Re: [RFC] Filesystem error notifications proposal

Gabriel Krisman Bertazi <krisman@xxxxxxxxxxxxx> · Tue, 02 Feb 2021 15:26:35 -0500

"Theodore Ts'o" <tytso@xxxxxxx> writes:

> On Thu, Jan 21, 2021 at 09:44:35PM -0300, Gabriel Krisman Bertazi wrote:
>> > We might be inside a workqueue handler, for example, so we might not
>> > even running in the same process that had been containerized.  We
>> > might be holding various file system mutexes or even in some cases a
>> > spinlock.
>> 
>> I see.  But the visibility is of a watcher who can see an object, not
>> the application that caused the error.  The fact that the error happened
>> outside the context of the containerized process should not be a problem
>> here, right?  As long as the watcher is watching a mountpoint that can
>> reach the failed inode, that inode should be accessible to the watcher
>> and it should receive a notification. No?
>
> Right.  But the corruption might be an attempt to free a block which
> is already freed.  The corruption is in a block allocation bitmap; and
> at the point where we notice this (in the journal commit callback
> function), ext4 has no idea what inode the block was originally
> associated with, let *alone* the directory pathname that the inode was
> associated with.  So how do we figure out whether or not the watcher
> "can see the object"?
>
> In other words, there is a large set of file system corruptions where
> it is impossible to map it to the question "will it be visible to the
> watcher"?

Thanks for the explanation.  That makes sense to me.  For corruptions
where it is impossible to map to a mountpoint, I thought they could be
considered global filesystem errors, being exposed only to someone
watching the entire filesystem (like FAN_MARK_FILESYSTEM).
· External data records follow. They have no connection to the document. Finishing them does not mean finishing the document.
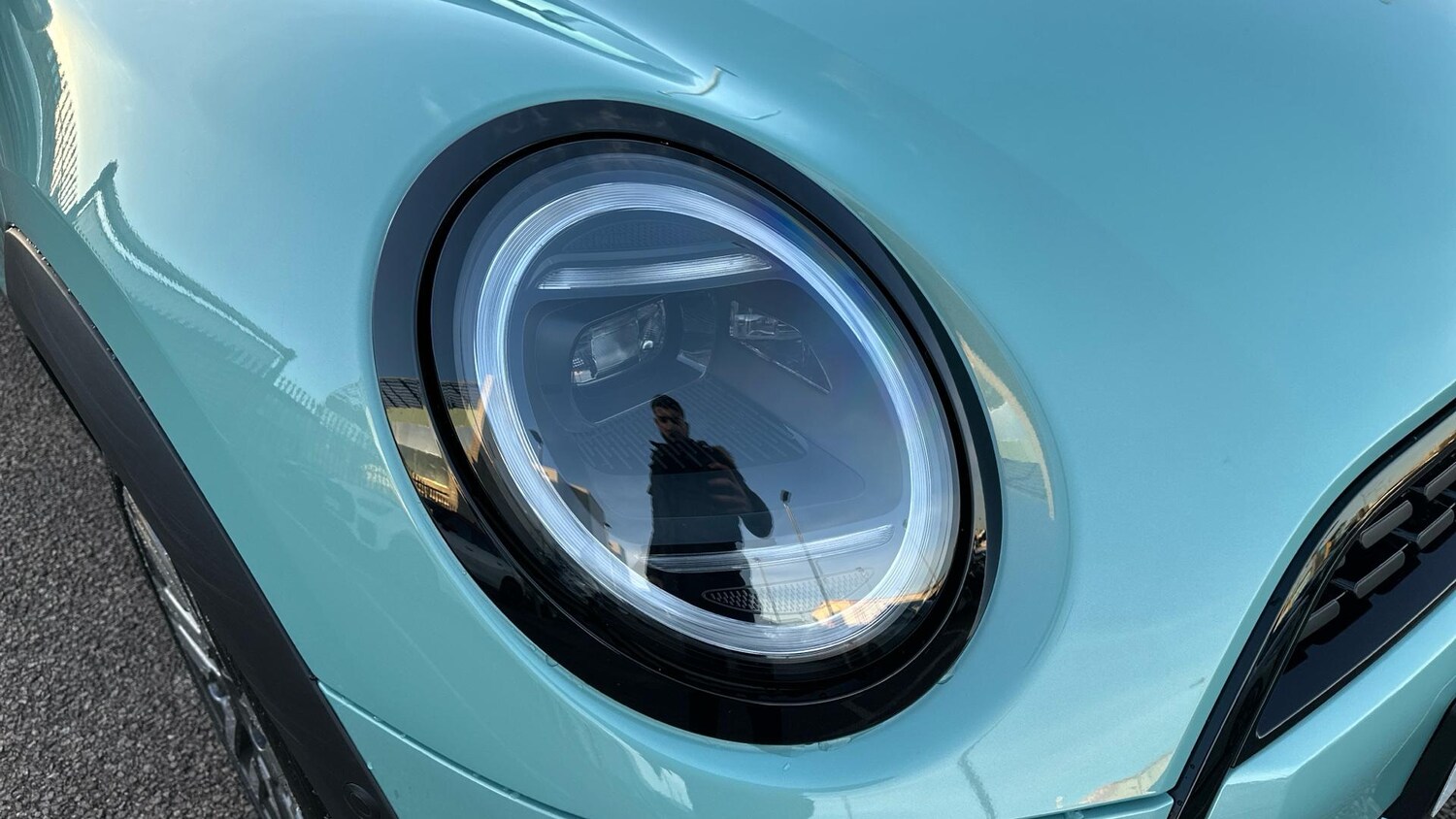 Used MINI Cooper 2024 for sale - 77604771: Photo 23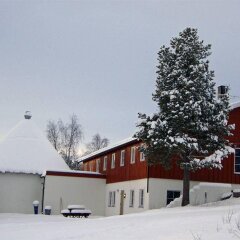Den Hvite Rein Motel in Karasjok, Norway from 177$, photos, reviews - zenhotels.com photo 4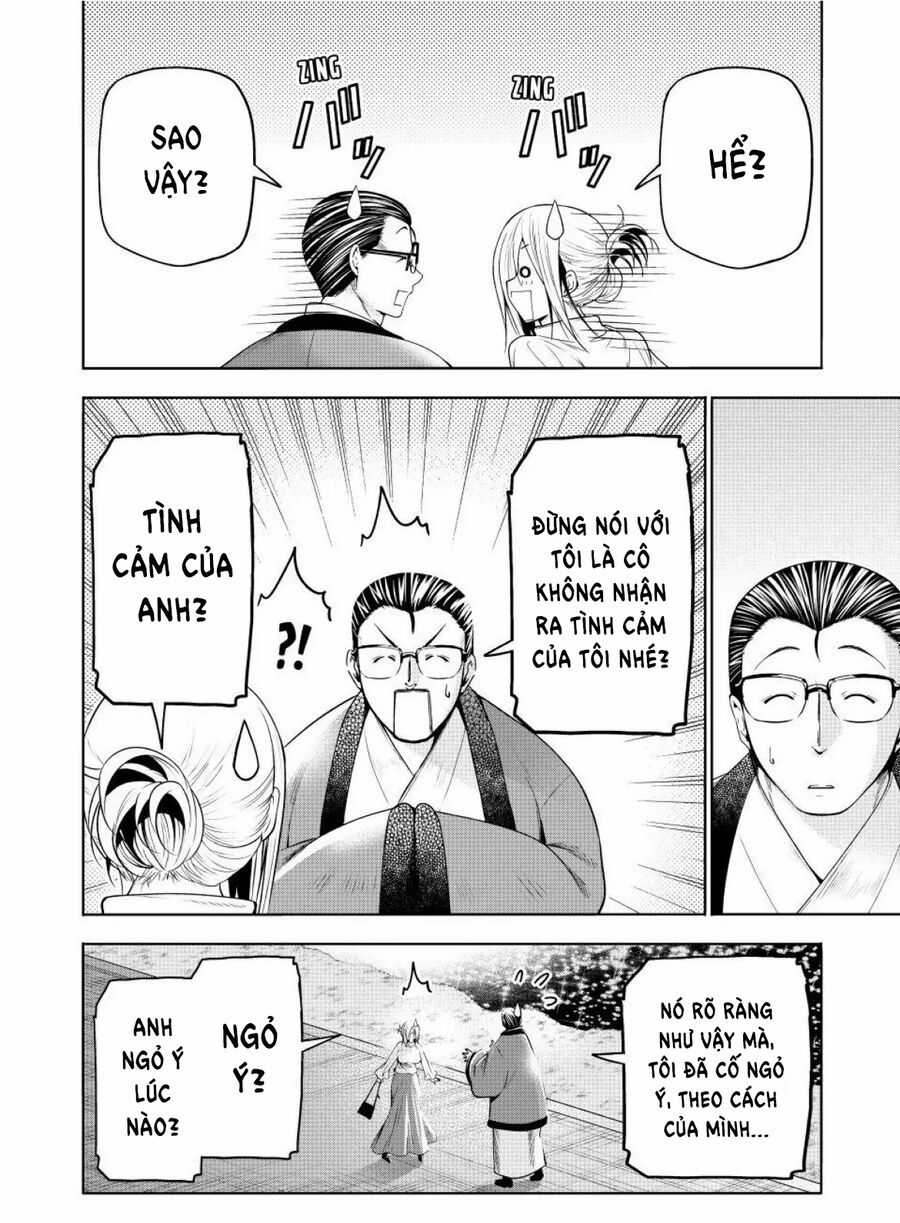 Tenpuru - Chapter 119.5 - Trang 6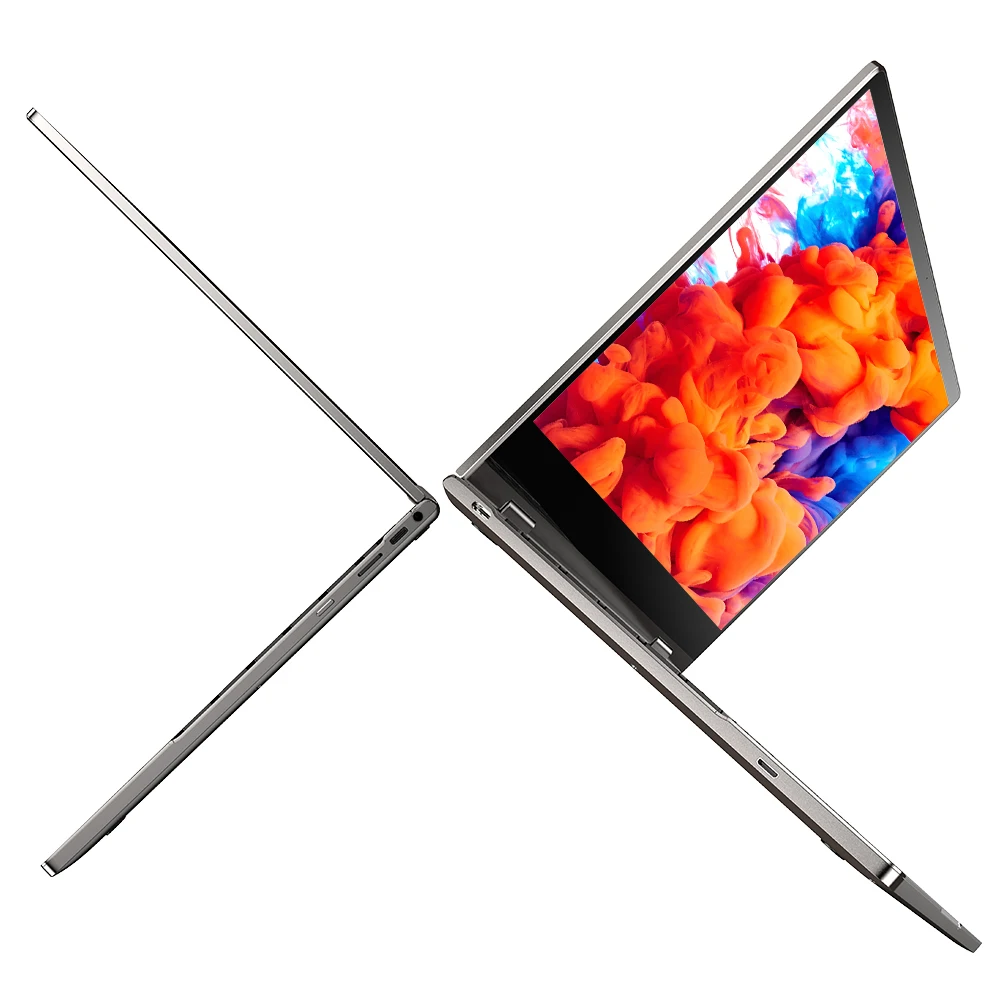 US $296.47 UDock For Huawei Easy Projection UPERFECT X Portable Monitor 133 Inch Touch Screen Android 10 Lap Dock Dex Display USB C HDMI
But, as you mentioned regarding the google use case, the entire idea of
watching a subtree is a bit beyond the scope of my use-case, and was
only added given the feedback on the previous proposal of this feature.
While nice to have, I don't have the need to watch different mountpoints
for errors, only the entire filesystem.

There was a concern raised against my original submission which did
superblock watching, due to the fact that a superblock is an internal
kernel structure that must not be visible to the userspace.  It was
suggested we should be speaking in terms of paths and mountpoint.  But,
considering the existence of FAN_MARK_FILESYSTEM, I think it is the exact
same object I was looking for when proposing the watch_sb syscall.

>
>> > What follows from that is that it's not really going to be possible to
>> > filter notifications to a subtree.  Furthermore, if fanotify requires
>> > memory allocation, that's going to be problematic, we may not be in a
>> > context where memory allocation is possible.  So for that reason, it's
>> > not clear to me that fanotify is going to be a good match for this use
>> > case.
>> 
>> I see.  Do you think we would be able to refactor the error handling
>> code, such that we can drop spinlocks and do some non-reclaiming
>> allocations at least?  I noticed Google's code seems to survive doing
>> some allocations with GFP_ATOMIC in their internal-to-Google netlink
>> notification system, and even GFP_KERNEL on some other scenarios.  I
>> might not be seeing the full picture though.
>
> It would be ***hard***.  The problem is that the spinlocks may be held
> in functions higher up in the callchain from where the error was
> detected.  So what you're proposing would involve analyzing and
> potentially refactoring *all* of the call sites for the ext4_error*()
> functions.
>
>> I think changing fanotify to avoid allocations in the submission path
>> might be just intrusive enough for the patch to be rejected by Jan. If
>> we cannot do allocations at all, I would suggest I move this feature out
>> of fanotify, but stick with fsnotify, for its ability to link
>> inodes/mntpoints/superblock.
>
> At least for Google's use case, what we really need to know is the
> there has been some kind of file system corruption.  It would be
> *nice* if the full ext4 error message is sent to userspace via
> fsnotify, but for our specific use case, if we lose parts of the
> notification because the file system is so corrupted that fsnotify is
> getting flooded with problems, it really isn't end of the world.  So
> long as we know which block device the file system error was
> associated with, that's actually the most important thing that we need.
>
> In the worst case, we can always ssh to machine and grab the logs from
> /var/log/messages.  And realistically, if the file system is so sick
> that we're getting flooding with gazillion of errors, some of the
> messages are going to get lost whether they are sent via syslog or the
> serial console --- or fsnotify.  So that's no worse than what we all
> have today.  If we can get the *first* error, that's actually going to
> be the most useful one, anyway.
>

The main use case is, as you said, corruption detection with enough
information to allow us to trigger automatic recovery and data rebuilding
tools.  I understand now I can drop most of the debug info, as you
mentioned.  In this sense, the feature looks more like netoops.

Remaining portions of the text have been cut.